With over 35 years of hands-on experience and direct observation of aluminum’s corrosion behavior—through both real-world applications and extensive literature review— We, at MAADI Group, have developed exceptional expertise in the field. I have been frequently invited as a speaker at global aluminum conferences, having specialized in working exclusively with aluminum for marine, military, and civil structural infrastructures across North America and Asia.

With this deep understanding, I confidently asserts that aluminum offers outstanding durability in marine environments, often lasting for decades. This remarkable longevity has rightfully earned aluminum the title of “metal of the sea” in modern engineering.

Proven Performance in Aluminum Docks and Bridges

With more than 25 years of expertise in aluminum dock and marina design and construction, myself and MAADI Group have established aluminum as the superior choice for harsh environments, where corrosion resistance is critical.

Beyond docks, the company has engineered hundreds of aluminum bridges and other aluminum structures in both coastal and urban settings, demonstrating superior longevity compared to steel. MAADI Group’s extensive experience also includes bridge kits, ATV bridge kits, and modular military bridges, all of which have outperformed steel alternatives in demanding conditions.

With this deep understanding of aluminum’s performance in extreme environments, MAADI Group continues to push the boundaries of durable, corrosion-resistant infrastructure solutions worldwide.

While aluminum’s corrosion resistance in marine applications is well recognized, it remains an important subject that warrants in-depth discussion. A clear understanding of the key principles of corrosion resistance in aluminum docks and bridges can help prevent failures and avoid unnecessary protective measures.

Over the past three to four decades, significant advancements in knowledge, combined with mid-20th century metallurgical innovations, have led to more durable and sustainable applications, as well as the development of highly corrosion-resistant aluminum-magnesium alloys. Among them is Sealium™, a patented alloy by Constellium that has become a global benchmark for shipbuilders, designers, and manufacturers of long vessels. The Aluminum Association designated this alloy as 5383, recognized for its superior design optimization, particularly due to its minimal impact on the heat-affected-zone (ZAT) in welded structures.
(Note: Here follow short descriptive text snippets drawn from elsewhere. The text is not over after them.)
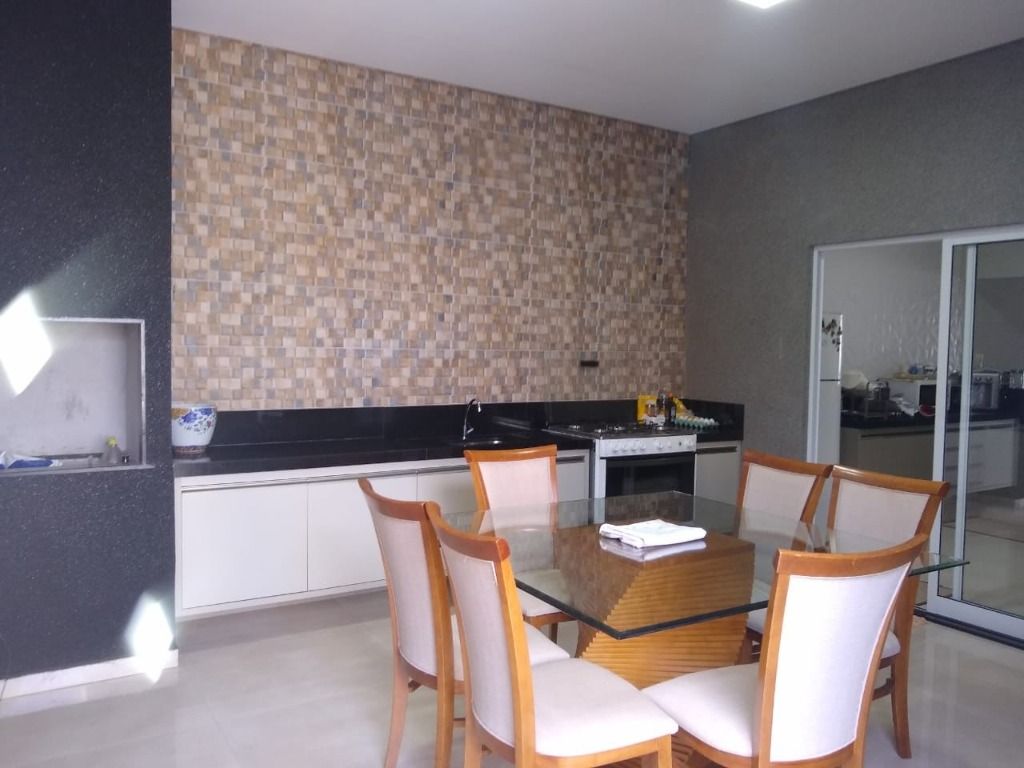 Casa à venda com 3 quartos, 120m² - Foto 1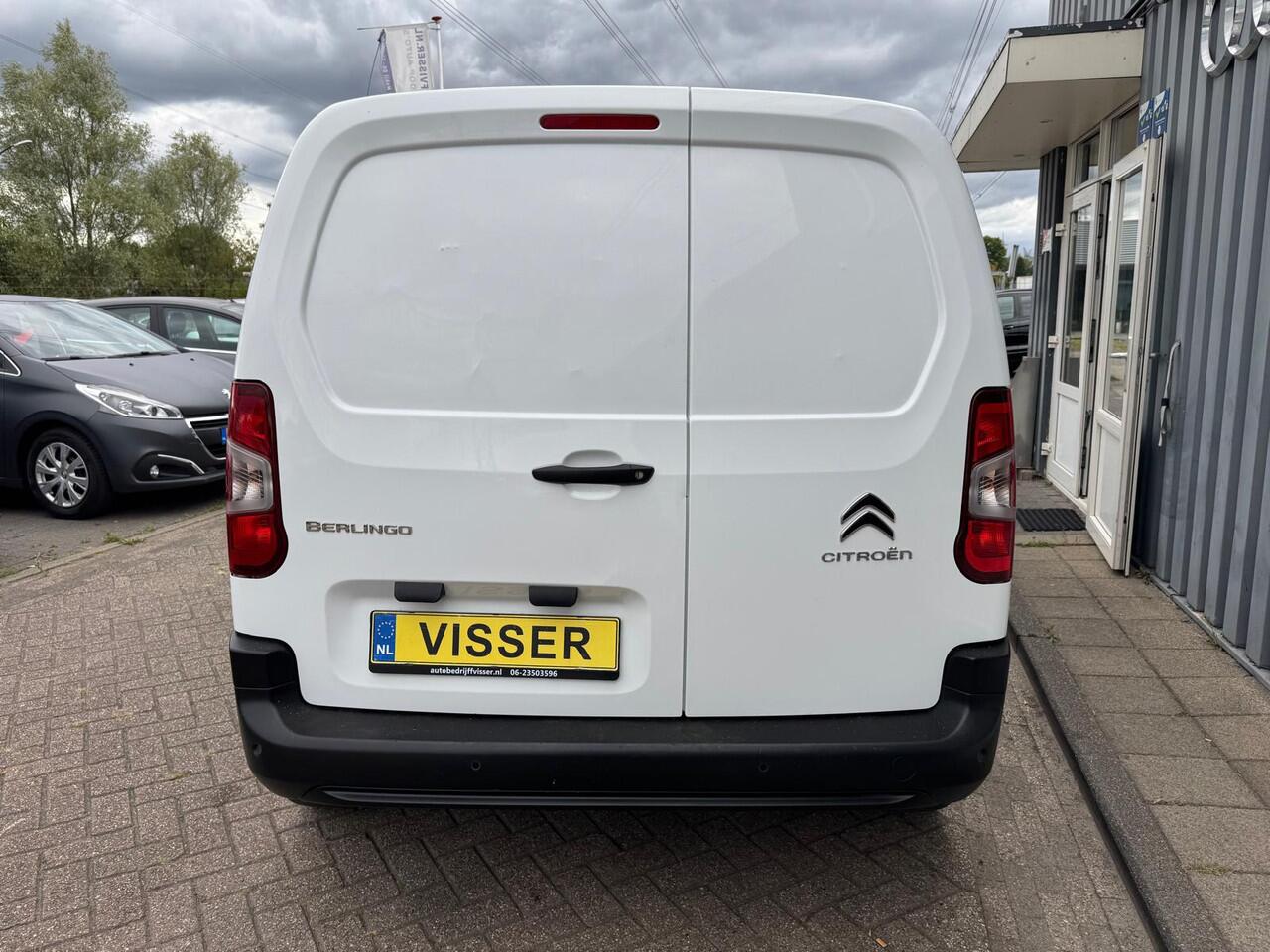 Citroen BERLINGO 1.2 PureTech Club 3 zits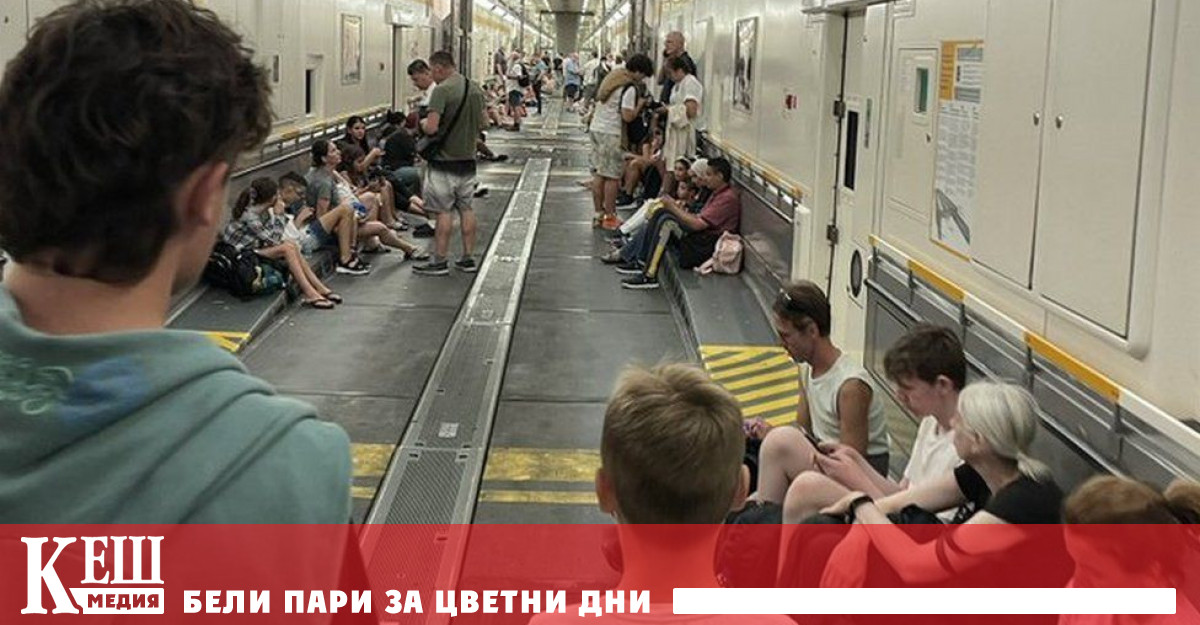 В социалните мрежи се появиха кадри показващи евакуираните пътници на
I personally worked with this optimized aluminum alloy while leading the final construction of an OPEN 45 sailing class, an ocean racing sailboat designed by French naval architect Olivier Petit in 2001. The scantling featured a 3 mm 5383 aluminum hull above the waterline and a 6 mm underwater hull. The sailboat was also equipped with an aluminum keel fin isolated from a 2-ton lead ballast extending 3 meters below the hull, as well as twin rudders. This sailboat participated in the Transat Québec–Saint-Malo in the early 2000s.
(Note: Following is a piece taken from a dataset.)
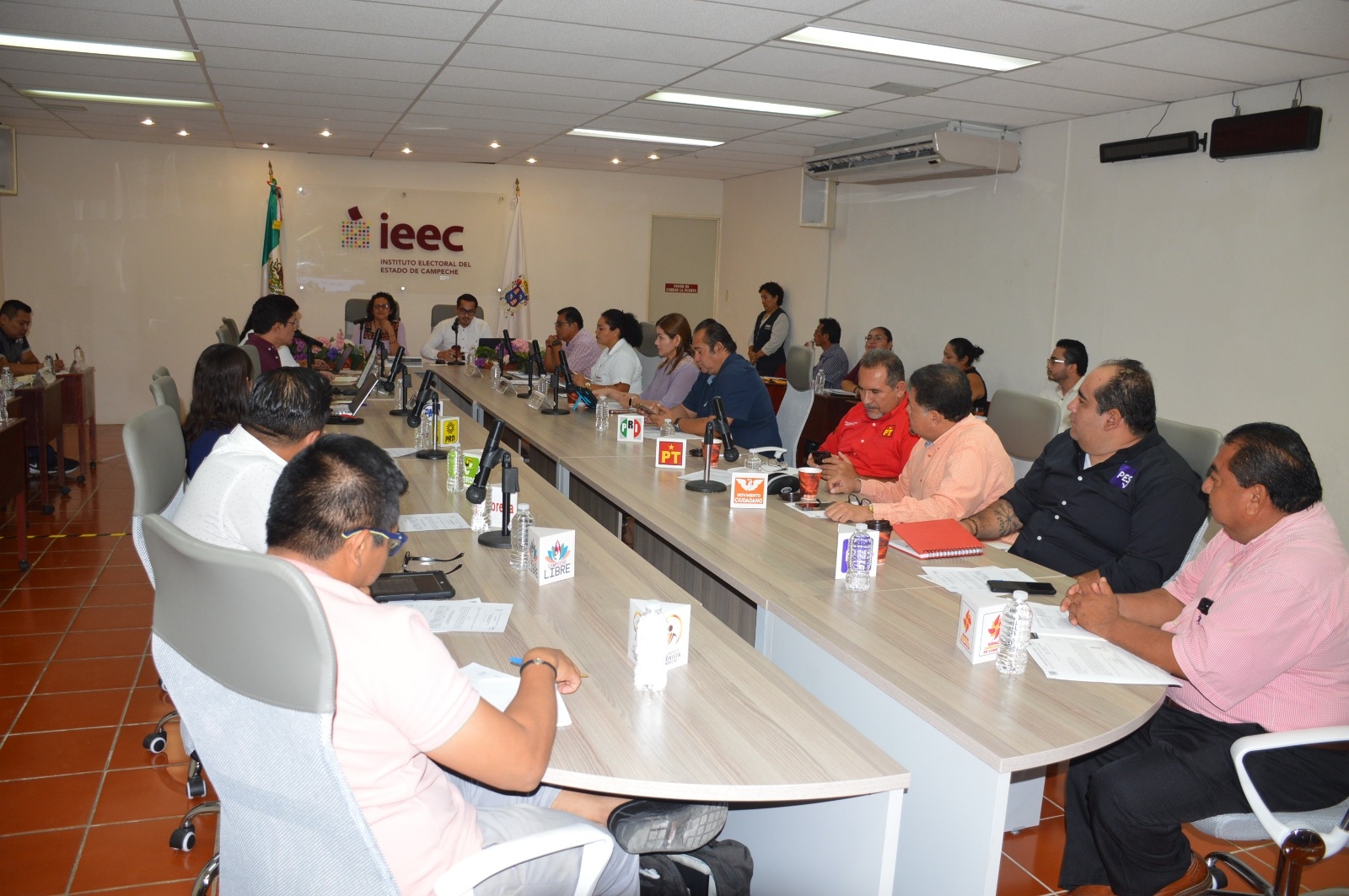 Movimiento Ciudadano y PT en Campeche cuestionan pugnas internas entre consejeros del IEEC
While 5000-series alloys are well known for their corrosion resistance, occasional cases of corrosion still arise. However, a closer examination of these instances often reveals that the root cause is not the material itself but rather design oversights or improper application. For example, direct contact between aluminum and steel is sometimes observed due to a lack of knowledge among designers—an issue I personally encountered with my old 1993 Volvo 240. In that case, the extruded clear anodized aluminum bumper was directly attached to the steel frame, a particularly poor design choice given the frequent use of de-icing salts in Quebec. Over time, severe galvanic corrosion caused the aluminum to degrade around the connection points, to the extent that the bumper literally fell off onto the road.

Volvo Case Study

Above pictures and figure reveal a critical engineering design flaw in the Volvo 240. Direct contact between aluminum and steel, combined with exposure to road de-icing salts, has resulted in severe galvanic corrosion.

Aluminum Tank Trailer Case Study

Beyond design flaws, exposure to extreme operational conditions can also accelerate aluminum corrosion. A notable example occurred in Bécancour, Quebec at Varentia, where pH levels in an aluminum tank reached 12, creating an exceptionally aggressive environment that exceeded aluminum’s resistance capabilities.
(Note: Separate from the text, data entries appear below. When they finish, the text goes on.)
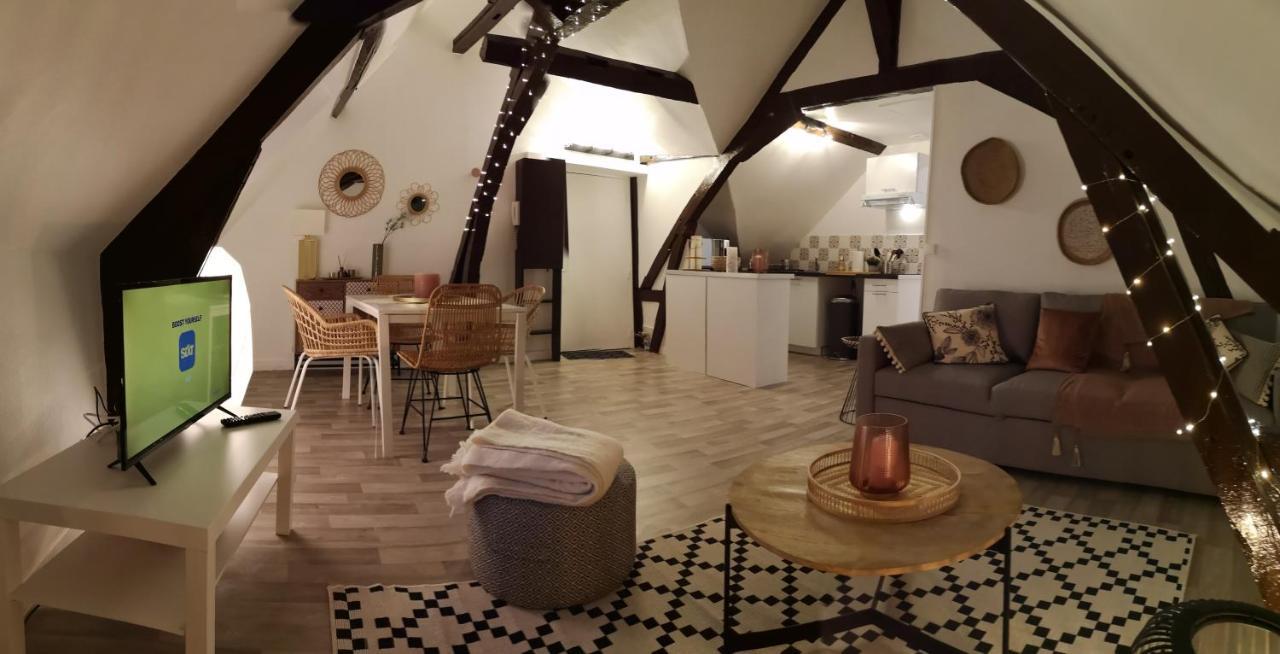 랭스 Logement Cosy Renove Au Pied De La Cathedrale Avec Climatisation 아파트 외부 사진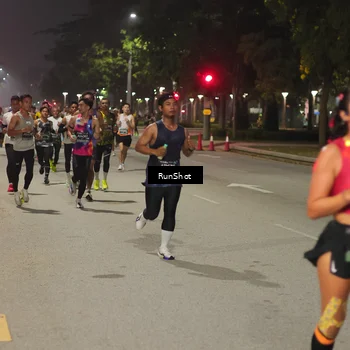Runner Photo 7065355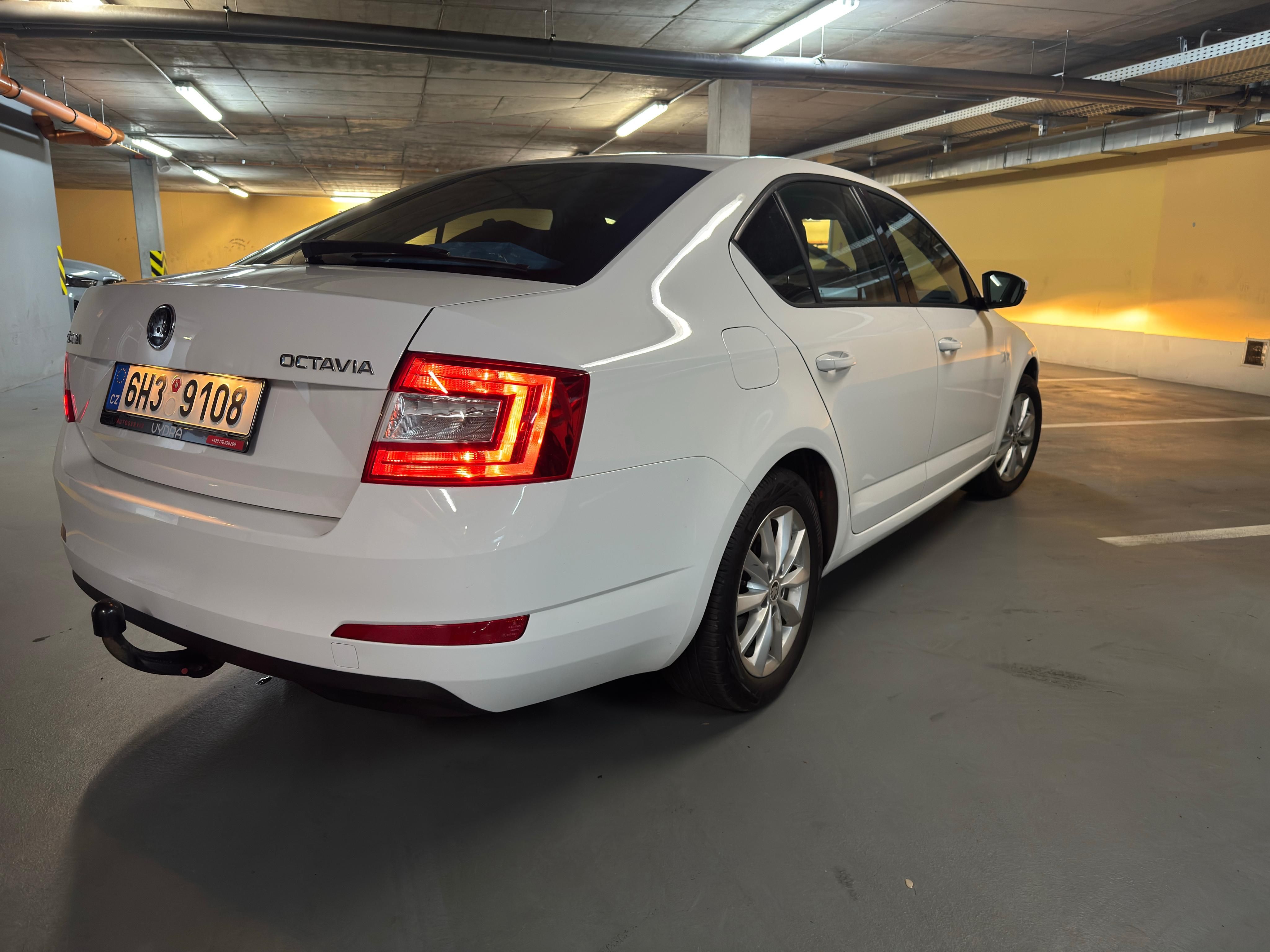 Škoda Octavia - fotka 3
The cold-pressed alfalfa extraction residue tank trailer suffered severe corrosion in the aluminum reservoir, primarily due to exposure to a high pH level of 12 (alloy not known).

Submerged Aluminum Ladder Case Study

Another example of a design oversight in alloy selection is shown here, where improper aluminum grade choice for submerged saltwater exposure led to severe corrosion. Although aluminum is generally well-suited for marine environments, selecting the wrong alloy can compromise its durability. This photo, taken in Bermuda, illustrates an instance of exceptionally aggressive aluminum deterioration.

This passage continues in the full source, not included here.